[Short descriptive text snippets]
►

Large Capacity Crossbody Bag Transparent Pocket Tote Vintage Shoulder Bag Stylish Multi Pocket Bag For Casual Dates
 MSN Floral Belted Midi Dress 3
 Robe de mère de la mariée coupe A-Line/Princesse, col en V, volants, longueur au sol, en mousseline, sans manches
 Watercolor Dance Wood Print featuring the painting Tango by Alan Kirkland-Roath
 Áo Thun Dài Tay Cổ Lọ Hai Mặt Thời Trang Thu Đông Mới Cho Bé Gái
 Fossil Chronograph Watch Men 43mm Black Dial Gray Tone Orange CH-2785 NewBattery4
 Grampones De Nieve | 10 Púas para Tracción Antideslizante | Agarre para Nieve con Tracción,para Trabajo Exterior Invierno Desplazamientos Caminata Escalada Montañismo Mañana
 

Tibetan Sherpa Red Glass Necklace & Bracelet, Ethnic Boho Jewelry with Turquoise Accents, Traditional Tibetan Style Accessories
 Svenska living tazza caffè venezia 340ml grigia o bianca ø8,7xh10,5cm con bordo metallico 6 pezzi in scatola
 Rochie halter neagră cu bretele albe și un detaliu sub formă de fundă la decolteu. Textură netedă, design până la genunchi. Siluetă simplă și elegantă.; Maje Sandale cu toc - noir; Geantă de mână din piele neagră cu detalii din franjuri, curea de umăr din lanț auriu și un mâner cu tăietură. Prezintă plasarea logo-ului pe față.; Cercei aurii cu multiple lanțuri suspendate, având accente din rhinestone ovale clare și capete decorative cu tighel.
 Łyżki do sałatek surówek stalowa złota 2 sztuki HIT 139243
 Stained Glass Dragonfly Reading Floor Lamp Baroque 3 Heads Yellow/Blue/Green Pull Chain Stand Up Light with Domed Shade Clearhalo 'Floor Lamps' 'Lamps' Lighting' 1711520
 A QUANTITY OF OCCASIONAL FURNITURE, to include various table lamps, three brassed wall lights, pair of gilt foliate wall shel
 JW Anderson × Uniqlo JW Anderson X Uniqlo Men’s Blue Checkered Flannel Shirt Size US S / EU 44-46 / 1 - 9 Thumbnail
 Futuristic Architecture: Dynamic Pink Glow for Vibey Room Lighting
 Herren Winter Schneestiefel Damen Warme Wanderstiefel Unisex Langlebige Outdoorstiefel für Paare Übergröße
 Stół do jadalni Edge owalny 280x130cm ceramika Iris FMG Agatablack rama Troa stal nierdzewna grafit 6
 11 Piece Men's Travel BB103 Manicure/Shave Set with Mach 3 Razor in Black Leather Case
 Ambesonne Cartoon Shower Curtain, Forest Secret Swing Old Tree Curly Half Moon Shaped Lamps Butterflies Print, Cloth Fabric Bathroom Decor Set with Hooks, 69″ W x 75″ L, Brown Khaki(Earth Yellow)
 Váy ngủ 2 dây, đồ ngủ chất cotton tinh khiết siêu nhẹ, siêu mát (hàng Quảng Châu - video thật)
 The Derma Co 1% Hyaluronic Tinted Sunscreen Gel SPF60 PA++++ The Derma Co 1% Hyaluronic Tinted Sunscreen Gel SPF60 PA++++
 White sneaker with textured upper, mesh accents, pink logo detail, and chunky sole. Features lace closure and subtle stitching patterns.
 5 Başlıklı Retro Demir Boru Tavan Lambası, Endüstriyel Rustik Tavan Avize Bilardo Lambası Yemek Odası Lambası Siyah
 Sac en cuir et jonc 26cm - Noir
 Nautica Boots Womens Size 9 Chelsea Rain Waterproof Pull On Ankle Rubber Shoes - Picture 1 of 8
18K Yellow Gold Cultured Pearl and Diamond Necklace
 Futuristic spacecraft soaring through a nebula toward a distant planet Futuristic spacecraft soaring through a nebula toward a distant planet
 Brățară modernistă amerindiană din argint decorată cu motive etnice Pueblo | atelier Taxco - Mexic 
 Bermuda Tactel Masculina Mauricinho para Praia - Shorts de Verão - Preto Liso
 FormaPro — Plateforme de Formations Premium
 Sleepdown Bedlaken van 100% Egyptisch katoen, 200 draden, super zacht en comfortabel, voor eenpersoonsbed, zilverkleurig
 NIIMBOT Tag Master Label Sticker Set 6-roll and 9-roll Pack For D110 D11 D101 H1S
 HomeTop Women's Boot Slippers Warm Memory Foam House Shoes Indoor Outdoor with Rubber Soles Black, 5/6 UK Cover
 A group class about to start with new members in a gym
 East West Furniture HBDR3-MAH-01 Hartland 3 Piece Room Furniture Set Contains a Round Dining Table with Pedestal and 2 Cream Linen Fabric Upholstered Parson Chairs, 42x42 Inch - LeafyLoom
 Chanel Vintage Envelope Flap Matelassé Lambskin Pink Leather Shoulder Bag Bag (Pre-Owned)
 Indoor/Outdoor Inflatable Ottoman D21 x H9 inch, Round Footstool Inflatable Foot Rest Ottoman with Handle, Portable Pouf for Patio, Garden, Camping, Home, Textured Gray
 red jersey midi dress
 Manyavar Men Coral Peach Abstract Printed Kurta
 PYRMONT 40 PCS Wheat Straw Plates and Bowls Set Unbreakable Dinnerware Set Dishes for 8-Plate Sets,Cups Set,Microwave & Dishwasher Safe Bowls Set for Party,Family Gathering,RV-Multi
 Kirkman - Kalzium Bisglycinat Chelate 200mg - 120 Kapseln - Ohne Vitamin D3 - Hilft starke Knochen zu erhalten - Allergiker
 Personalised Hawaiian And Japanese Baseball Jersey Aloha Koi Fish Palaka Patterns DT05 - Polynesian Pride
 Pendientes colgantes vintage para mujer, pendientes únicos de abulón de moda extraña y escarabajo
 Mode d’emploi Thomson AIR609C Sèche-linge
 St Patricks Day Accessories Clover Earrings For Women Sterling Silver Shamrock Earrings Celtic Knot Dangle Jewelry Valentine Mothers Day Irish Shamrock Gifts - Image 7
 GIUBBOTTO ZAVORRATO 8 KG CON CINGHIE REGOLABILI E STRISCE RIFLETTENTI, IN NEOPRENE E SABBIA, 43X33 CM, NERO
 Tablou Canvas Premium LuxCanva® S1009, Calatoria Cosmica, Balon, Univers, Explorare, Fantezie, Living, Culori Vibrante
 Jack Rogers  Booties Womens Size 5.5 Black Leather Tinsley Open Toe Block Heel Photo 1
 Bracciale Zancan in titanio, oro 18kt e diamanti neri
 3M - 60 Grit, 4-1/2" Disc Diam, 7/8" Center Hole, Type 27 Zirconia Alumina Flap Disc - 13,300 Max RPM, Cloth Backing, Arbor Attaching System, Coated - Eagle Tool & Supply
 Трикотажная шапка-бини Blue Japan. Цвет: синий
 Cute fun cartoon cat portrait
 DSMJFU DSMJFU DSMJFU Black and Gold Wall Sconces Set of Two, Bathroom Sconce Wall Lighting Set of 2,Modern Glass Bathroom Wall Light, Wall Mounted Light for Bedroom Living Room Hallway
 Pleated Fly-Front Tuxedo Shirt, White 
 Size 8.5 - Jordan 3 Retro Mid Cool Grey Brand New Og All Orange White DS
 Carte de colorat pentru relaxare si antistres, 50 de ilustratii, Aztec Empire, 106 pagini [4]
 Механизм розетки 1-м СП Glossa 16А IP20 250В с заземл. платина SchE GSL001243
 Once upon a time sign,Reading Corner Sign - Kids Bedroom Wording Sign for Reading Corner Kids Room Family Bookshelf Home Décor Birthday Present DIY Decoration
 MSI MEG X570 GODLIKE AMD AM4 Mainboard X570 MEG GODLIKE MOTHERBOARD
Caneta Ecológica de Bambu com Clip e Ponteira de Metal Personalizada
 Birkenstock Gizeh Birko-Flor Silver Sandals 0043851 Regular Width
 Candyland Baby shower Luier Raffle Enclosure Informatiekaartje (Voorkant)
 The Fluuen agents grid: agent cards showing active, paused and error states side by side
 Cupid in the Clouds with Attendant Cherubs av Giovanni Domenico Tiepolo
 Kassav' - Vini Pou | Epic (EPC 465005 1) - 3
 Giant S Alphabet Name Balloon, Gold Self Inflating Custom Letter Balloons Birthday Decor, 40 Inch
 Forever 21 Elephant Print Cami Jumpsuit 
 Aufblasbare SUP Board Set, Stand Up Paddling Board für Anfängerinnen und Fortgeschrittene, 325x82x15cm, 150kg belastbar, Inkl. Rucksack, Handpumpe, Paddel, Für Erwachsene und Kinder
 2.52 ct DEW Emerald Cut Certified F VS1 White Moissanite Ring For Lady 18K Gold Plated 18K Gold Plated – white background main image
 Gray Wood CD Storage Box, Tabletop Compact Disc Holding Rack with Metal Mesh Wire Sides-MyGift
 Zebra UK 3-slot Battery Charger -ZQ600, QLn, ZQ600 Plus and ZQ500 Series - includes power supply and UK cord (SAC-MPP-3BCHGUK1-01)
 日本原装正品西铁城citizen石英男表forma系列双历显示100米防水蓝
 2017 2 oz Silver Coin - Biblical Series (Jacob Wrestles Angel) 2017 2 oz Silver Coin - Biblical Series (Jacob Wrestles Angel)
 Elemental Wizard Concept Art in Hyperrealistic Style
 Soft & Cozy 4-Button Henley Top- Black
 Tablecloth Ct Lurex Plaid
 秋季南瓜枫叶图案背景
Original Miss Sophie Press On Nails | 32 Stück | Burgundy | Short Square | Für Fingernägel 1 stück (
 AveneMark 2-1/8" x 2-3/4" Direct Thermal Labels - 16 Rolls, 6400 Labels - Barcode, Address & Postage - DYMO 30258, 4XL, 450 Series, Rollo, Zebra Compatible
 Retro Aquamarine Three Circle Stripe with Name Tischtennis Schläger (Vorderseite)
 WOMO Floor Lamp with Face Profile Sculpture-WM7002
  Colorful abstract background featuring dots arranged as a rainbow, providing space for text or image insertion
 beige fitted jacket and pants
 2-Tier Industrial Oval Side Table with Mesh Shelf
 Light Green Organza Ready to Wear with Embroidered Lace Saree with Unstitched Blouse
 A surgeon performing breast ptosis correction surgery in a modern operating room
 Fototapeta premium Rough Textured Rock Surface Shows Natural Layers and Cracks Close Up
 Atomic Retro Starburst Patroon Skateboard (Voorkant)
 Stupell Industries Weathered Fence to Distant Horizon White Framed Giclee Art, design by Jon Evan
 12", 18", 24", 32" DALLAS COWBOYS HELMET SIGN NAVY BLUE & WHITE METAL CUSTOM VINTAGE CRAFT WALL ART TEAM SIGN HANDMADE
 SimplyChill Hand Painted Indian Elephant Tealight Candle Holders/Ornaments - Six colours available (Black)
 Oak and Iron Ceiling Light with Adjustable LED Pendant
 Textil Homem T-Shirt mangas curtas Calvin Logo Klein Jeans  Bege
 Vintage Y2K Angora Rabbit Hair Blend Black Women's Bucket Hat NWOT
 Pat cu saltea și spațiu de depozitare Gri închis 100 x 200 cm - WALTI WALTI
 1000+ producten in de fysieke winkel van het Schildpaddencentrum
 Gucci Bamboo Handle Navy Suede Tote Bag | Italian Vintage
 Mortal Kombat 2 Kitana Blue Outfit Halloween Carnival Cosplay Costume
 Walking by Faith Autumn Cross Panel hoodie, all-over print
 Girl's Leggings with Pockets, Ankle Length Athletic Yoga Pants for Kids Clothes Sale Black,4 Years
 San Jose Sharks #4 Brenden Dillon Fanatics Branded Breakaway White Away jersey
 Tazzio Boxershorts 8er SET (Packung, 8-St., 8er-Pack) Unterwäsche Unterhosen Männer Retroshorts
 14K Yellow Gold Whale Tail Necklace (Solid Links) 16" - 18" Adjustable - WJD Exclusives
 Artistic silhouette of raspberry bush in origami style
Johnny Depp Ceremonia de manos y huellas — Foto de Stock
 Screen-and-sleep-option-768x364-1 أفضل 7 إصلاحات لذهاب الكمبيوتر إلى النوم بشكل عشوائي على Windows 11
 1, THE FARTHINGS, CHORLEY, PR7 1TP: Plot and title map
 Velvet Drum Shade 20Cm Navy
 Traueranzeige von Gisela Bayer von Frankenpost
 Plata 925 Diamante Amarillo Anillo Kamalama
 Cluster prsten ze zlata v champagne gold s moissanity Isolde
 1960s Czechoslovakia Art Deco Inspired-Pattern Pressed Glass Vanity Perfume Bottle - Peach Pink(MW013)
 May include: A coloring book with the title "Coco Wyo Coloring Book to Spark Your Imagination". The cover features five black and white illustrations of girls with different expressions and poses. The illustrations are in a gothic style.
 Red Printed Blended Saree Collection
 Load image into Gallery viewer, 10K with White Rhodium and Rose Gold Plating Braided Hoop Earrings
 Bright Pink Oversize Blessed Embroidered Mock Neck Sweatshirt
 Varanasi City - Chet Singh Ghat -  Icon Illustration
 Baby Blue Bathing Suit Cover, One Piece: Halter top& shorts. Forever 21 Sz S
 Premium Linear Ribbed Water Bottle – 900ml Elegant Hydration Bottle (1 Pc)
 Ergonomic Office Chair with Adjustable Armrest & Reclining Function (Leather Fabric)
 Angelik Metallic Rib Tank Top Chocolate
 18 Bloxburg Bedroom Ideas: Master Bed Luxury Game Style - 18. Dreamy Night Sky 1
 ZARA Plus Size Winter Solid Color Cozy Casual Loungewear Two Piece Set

◄

The task -
Extract all lines of the records above that include "Disc".

Answer space -
 3M - 60 Grit, 4-1/2" Disc Diam, 7/8" Center Hole, Type 27 Zirconia Alumina Flap Disc - 13,300 Max RPM, Cloth Backing, Arbor Attaching System, Coated - Eagle Tool & Supply
 Gray Wood CD Storage Box, Tabletop Compact Disc Holding Rack with Metal Mesh Wire Sides-MyGift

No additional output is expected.